- _EXERCISE DIRECTIONS_
Each of the records below must be reproduced verbatim.

- _EXERCISE DATA_

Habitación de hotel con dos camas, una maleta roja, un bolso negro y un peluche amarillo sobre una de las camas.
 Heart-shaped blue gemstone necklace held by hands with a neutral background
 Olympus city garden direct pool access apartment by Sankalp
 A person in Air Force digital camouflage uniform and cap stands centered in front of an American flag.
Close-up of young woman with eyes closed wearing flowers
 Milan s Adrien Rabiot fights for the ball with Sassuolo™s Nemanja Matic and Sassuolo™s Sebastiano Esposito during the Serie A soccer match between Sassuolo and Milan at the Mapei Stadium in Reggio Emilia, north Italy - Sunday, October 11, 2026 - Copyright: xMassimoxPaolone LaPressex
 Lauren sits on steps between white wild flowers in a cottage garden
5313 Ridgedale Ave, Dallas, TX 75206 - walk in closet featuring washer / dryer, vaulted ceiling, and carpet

- _WRITTEN ANSWER_
Habitación de hotel con dos camas, una maleta roja, un bolso negro y un peluche amarillo sobre una de las camas.
 Heart-shaped blue gemstone necklace held by hands with a neutral background
 Olympus city garden direct pool access apartment by Sankalp
 A person in Air Force digital camouflage uniform and cap stands centered in front of an American flag.
Close-up of young woman with eyes closed wearing flowers
 Milan s Adrien Rabiot fights for the ball with Sassuolo™s Nemanja Matic and Sassuolo™s Sebastiano Esposito during the Serie A soccer match between Sassuolo and Milan at the Mapei Stadium in Reggio Emilia, north Italy - Sunday, October 11, 2026 - Copyright: xMassimoxPaolone LaPressex
 Lauren sits on steps between white wild flowers in a cottage garden
5313 Ridgedale Ave, Dallas, TX 75206 - walk in closet featuring washer / dryer, vaulted ceiling, and carpet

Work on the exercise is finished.